Merge pull request #52 from alpsla/fix/report-quality-4-bugs

alpsla · web-flow · commit d91b3fb34b4d · 2025-10-31T14:49:04.000-04:00
Fix/report quality 4 bugs
diff --git a/packages/agents/src/two-branch/agents/specialized-agents.ts b/packages/agents/src/two-branch/agents/specialized-agents.ts
@@ -410,6 +410,12 @@ export class SecurityAgent extends BaseSpecializedAgent {
 
 ⚠️ CRITICAL: Output ONLY the JSON response. NO thinking process, NO reasoning, NO "First, I...", NO "Let me...". Start DIRECTLY with JSON.
 
+SEVERITY CLASSIFICATION:
+🔴 CRITICAL: SQL injection, command injection, RCE, auth bypass, hardcoded credentials, data loss
+🟠 HIGH: Potential bugs (NPE, resource leaks), security weaknesses, crypto issues
+🟡 MEDIUM: Code smells, maintainability issues, moderate complexity
+🟢 LOW: Style/formatting/documentation (checkstyle=LOW 99.9% of cases)
+
 Output ONLY this JSON (nothing else):
 {
   "severity": "critical|high|medium|low",
@@ -519,6 +525,12 @@ export class PerformanceAgent extends BaseSpecializedAgent {
 
 ⚠️ CRITICAL: Output ONLY the JSON response.

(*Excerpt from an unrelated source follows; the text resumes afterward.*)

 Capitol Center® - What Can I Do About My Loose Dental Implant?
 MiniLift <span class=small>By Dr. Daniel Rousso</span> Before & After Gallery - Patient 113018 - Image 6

NO thinking process, NO reasoning, NO "First, I...", NO "Let me...". Start DIRECTLY with JSON.
 
+SEVERITY CLASSIFICATION:
+🔴 CRITICAL: System crashes, memory leaks causing outages, infinite loops
+🟠 HIGH: N² algorithms in hot paths, significant resource waste, scalability blockers
+🟡 MEDIUM: Suboptimal algorithms, minor inefficiencies
+🟢 LOW: Style/formatting/documentation (checkstyle=LOW 99.9% of cases)
+
 Output ONLY this JSON (nothing else):
 {
   "severity": "critical|high|medium|low",
@@ -557,6 +569,12 @@ export class ArchitectureAgent extends BaseSpecializedAgent {
 
 ⚠️ CRITICAL: Output ONLY the JSON response. NO thinking process, NO reasoning, NO "First, I...", NO "Let me...". Start DIRECTLY with JSON.
 
+SEVERITY CLASSIFICATION:
+🔴 CRITICAL: Circular dependencies breaking builds, major SOLID violations causing outages
+🟠 HIGH: God classes (1000+ lines), tight coupling blocking features
+🟡 MEDIUM: Minor design smells, moderate complexity
+🟢 LOW: Style/formatting/documentation (checkstyle=LOW 99.9% of cases)
+
 Output ONLY this JSON (nothing else):
 {
   "severity": "critical|high|medium|low",
@@ -623,6 +641,14 @@ export class CodeQualityAgent extends BaseSpecializedAgent {
 
 ⚠️ CRITICAL: Output ONLY the JSON response. NO thinking process, NO reasoning, NO "First, I...", NO "Let me...". Start DIRECTLY with JSON.
 
+SEVERITY CLASSIFICATION (CRITICAL for CodeQuality):
+🔴 CRITICAL: Never for code quality (reserved for security/crashes)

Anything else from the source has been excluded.